Only the lines below from the one containing "VIGO Elan Frameless" to the one containing "BURBERRY BLACK LABEL シャイニーブラック　ダウンジャケット" should be repeated, both included and unchanged.

(Scraped caption text data)
= Beginning of Section =
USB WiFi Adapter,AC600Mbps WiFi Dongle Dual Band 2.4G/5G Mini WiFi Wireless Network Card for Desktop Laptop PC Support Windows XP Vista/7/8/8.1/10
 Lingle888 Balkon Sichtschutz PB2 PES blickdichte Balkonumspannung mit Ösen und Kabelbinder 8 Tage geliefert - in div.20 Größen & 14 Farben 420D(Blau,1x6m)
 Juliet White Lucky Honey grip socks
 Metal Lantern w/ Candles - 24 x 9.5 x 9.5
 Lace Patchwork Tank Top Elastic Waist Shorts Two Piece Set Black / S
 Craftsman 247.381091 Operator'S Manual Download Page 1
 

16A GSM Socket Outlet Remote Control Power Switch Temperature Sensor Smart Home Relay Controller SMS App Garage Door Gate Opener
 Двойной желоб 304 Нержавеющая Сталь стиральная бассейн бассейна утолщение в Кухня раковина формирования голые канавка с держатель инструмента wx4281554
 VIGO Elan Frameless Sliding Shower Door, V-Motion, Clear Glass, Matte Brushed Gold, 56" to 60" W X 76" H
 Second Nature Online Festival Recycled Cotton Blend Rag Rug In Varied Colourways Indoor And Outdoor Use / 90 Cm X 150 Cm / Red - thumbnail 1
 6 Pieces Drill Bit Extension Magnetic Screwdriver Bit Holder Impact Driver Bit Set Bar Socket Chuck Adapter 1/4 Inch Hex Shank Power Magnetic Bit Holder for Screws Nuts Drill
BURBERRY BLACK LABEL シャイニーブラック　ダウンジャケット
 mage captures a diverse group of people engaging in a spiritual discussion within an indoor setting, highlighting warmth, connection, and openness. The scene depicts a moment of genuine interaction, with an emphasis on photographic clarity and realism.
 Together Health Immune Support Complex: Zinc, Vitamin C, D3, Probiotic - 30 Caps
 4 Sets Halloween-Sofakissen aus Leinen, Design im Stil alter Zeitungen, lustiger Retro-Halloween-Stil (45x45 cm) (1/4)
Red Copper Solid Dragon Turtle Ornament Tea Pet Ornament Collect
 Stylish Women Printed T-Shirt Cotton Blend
= End of Section =
ANSWER AREA:
 VIGO Elan Frameless Sliding Shower Door, V-Motion, Clear Glass, Matte Brushed Gold, 56" to 60" W X 76" H
 Second Nature Online Festival Recycled Cotton Blend Rag Rug In Varied Colourways Indoor And Outdoor Use / 90 Cm X 150 Cm / Red - thumbnail 1
 6 Pieces Drill Bit Extension Magnetic Screwdriver Bit Holder Impact Driver Bit Set Bar Socket Chuck Adapter 1/4 Inch Hex Shank Power Magnetic Bit Holder for Screws Nuts Drill
BURBERRY BLACK LABEL シャイニーブラック　ダウンジャケット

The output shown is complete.